→ **Data shown**:
Segment Open
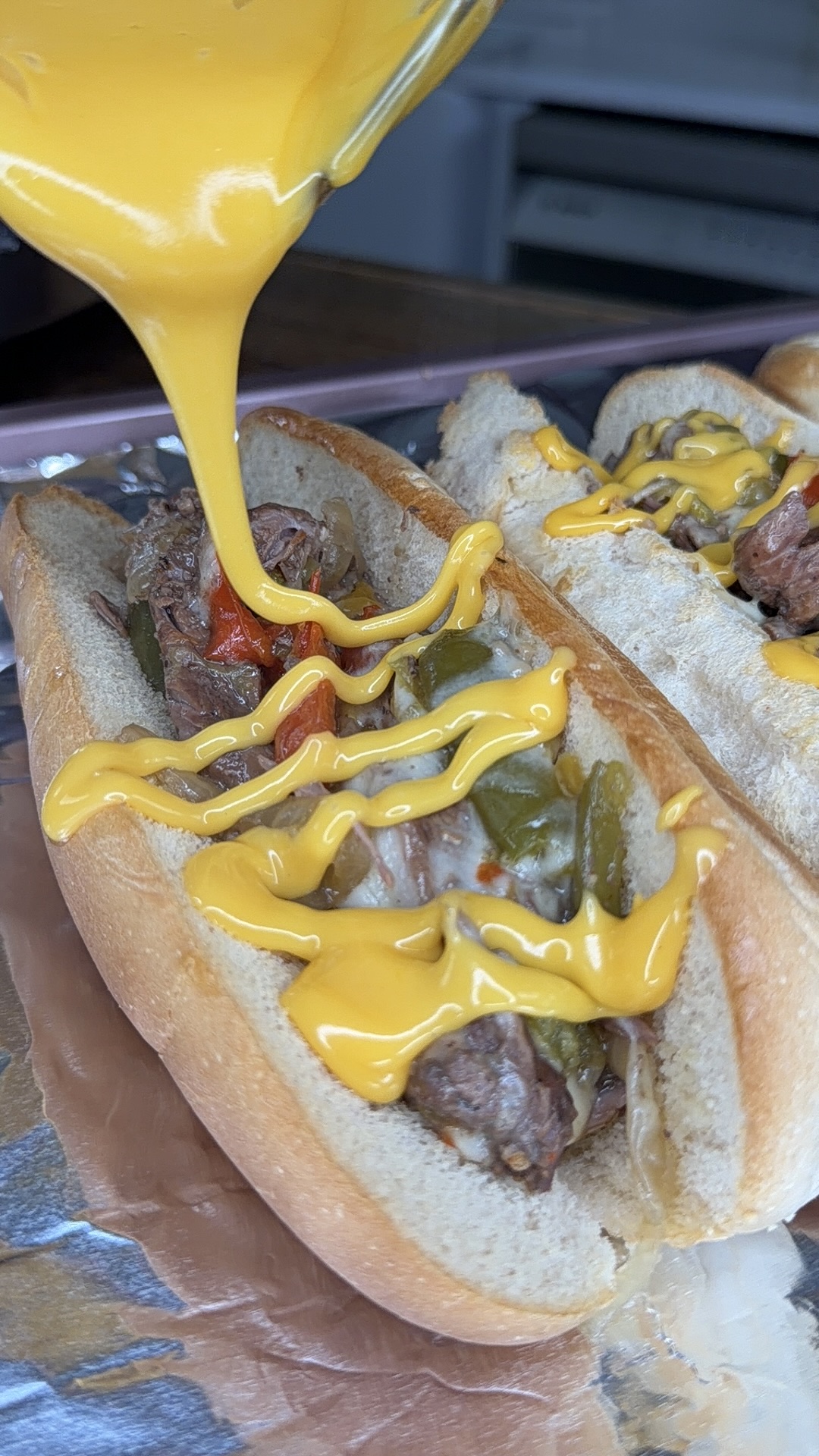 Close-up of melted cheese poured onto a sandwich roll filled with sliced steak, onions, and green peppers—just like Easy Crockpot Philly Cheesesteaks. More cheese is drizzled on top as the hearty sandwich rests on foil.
Segment Closed
Segment Open
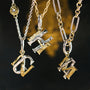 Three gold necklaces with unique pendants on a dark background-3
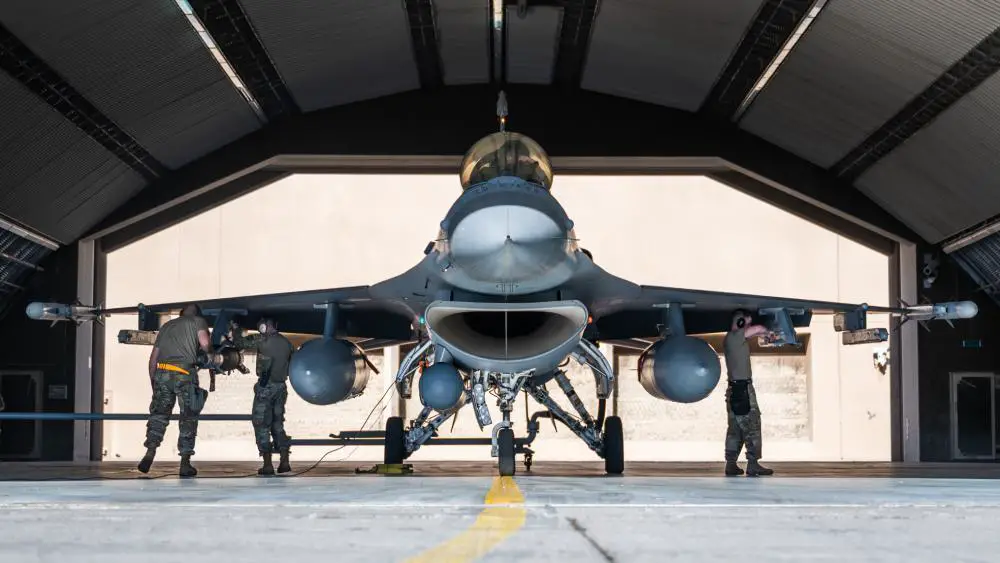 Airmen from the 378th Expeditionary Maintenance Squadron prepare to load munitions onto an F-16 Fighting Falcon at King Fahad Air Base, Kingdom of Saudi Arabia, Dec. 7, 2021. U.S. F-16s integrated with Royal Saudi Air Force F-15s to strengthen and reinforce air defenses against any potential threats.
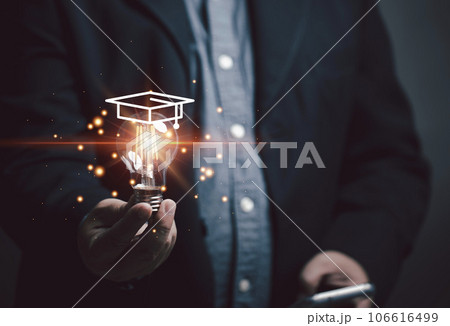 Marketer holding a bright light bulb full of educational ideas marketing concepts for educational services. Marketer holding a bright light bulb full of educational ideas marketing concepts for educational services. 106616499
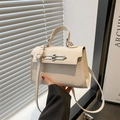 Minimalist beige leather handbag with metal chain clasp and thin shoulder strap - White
Segment Closed
→ **Task instructions**: Once the line with "Airmen from the" is found above, print it and every line after it through the line with "Minimalist beige leather", exactly. Pictures stay out.

→ **Answer to the exercise**:
 Airmen from the 378th Expeditionary Maintenance Squadron prepare to load munitions onto an F-16 Fighting Falcon at King Fahad Air Base, Kingdom of Saudi Arabia, Dec. 7, 2021. U.S. F-16s integrated with Royal Saudi Air Force F-15s to strengthen and reinforce air defenses against any potential threats.
 Marketer holding a bright light bulb full of educational ideas marketing concepts for educational services. Marketer holding a bright light bulb full of educational ideas marketing concepts for educational services. 106616499
 Minimalist beige leather handbag with metal chain clasp and thin shoulder strap - White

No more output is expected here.